What is an optical amplifier?
Optical amplifiers extend the optical link power budget for building long-distance dense wavelength division multiplexing (DWDM) networks by amplifying up to 96 wavelengths (the full C-band). Optical amplifier types include Raman and three main types of Erbium-doped fiber amplifier (EDFAs): booster, inline, and pre-amplifier. Optical amplifiers form an amplified optical transport network (OTN) link over long distances, without the need for regenerators or for building ROADM networks. The feature set of optical amplifiers includes remote management, configuration, and monitoring via an optical supervisory channel (OSC).
What is a mux/demux?
A multiplexer (mux for short) device takes several input wavelengths from different sources and aggregates them into a single fiber. By doing so, it increases the amount of data transferred over the network, as multiple wavelengths are sharing the same fiber. A demultiplexer (demux for short) performs the opposite function: it takes a single fiber input with multiple wavelengths and disaggregates it into multiple fibers, each carrying a single wavelength. Mux/demux devices are passive and do not require any power. They play an important role in DWDM systems, as they increase efficiency, and reduce operating costs. PacketLight’s mux/demux solutions support 4/8/16/48/96 wavelength capacity, with different spacing between the wavelengths.
What steps should I take when building a private fiber optic network?
A self-built fiber optic cabling infrastructure can dramatically lower capital expenditures and operating expenses. If you’re an IT leader considering building a private network, follow these steps:
- Acquire dark fiber - select a provider who can fill your requirements and provide for your current and future needs, within budget and with good fiber quality.

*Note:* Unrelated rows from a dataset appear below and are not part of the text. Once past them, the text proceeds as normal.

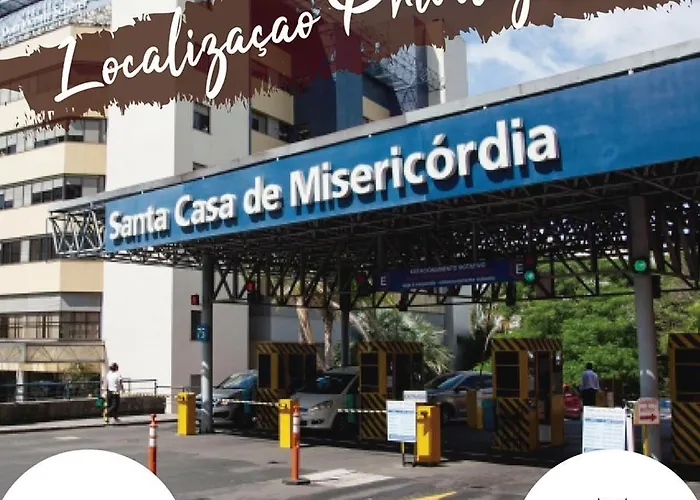 Ficare Poa - 3Min Do Complexo Hospitalar Santa Casa Hotel Porto Alegre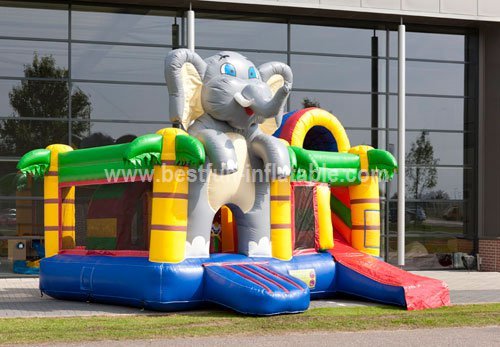 Multiplay Elephant Bouncy Slide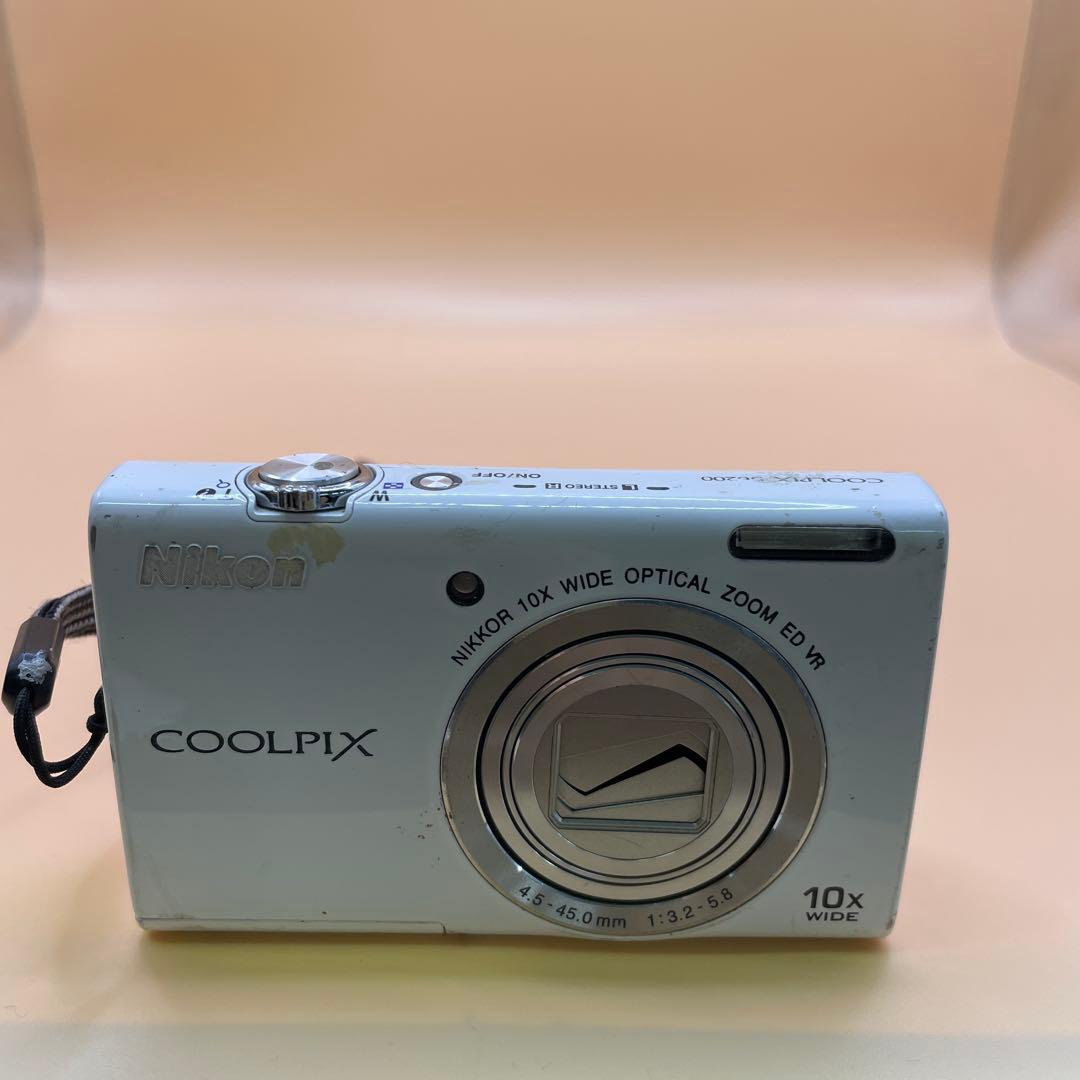 Nikon COOLPIX S6200 デジカメ B043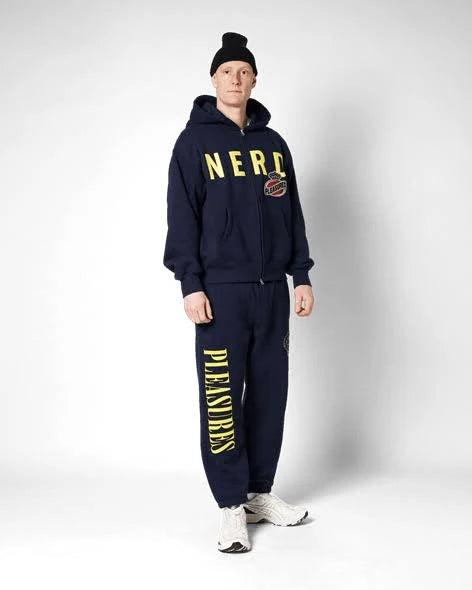 Pleasures Nerd Sweatpants - Navy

- Decide on a colocation site - select a site (hybrid cloud, on premise, etc.) that fits your enterprise’s unique needs such as cost, location, power rental, security, and proximity to servers.
- Define equipment needs - consider capacity requirements, continuous data transmission between sites, level of security needed, and scalability of the infrastructure for future network needs.
- Train your staff - train your network managers and IT team to ensure smooth integration into the organization’s infrastructure.
Why choose PacketLight?
PacketLight Networks develops and manufactures leading DWDM and OTN equipment for the transport of data, storage, voice and video protocols over data center interconnect (DCI), metro and long haul fiber optic networks. PacketLight devices include optional embedded Layer-1 encryption that enables the secure transport of up to 400G per wavelength.
What makes PacketLight stand-out?
- Our highly integrated transponders and muxponders deliver up to 4.8T capacity in just 1U form factor, integrating amplifiers, mux/demux and optical switch. This saves rack space, simplifies management, and generally reduces network costs.
- Our high quality devices adhere to the strictest standards, making them key to the network’s reliability.
- Our devices do not require an expert in optical networking, as they are simple to install, maintain and configure with our user-friendly web-based GUI and our LightWatch network management system (NMS).
- Our flexible transponders and muxponders support a variety of protocols and rates and customers do not need a license to activate ports or change the service type of a port.
- Our ROADM devices are open and do not require a license for adding wavelengths or degrees.
- Our standardized pluggable modules make growing the network simple and cost-effective, and ensure there is no vendor lock-in.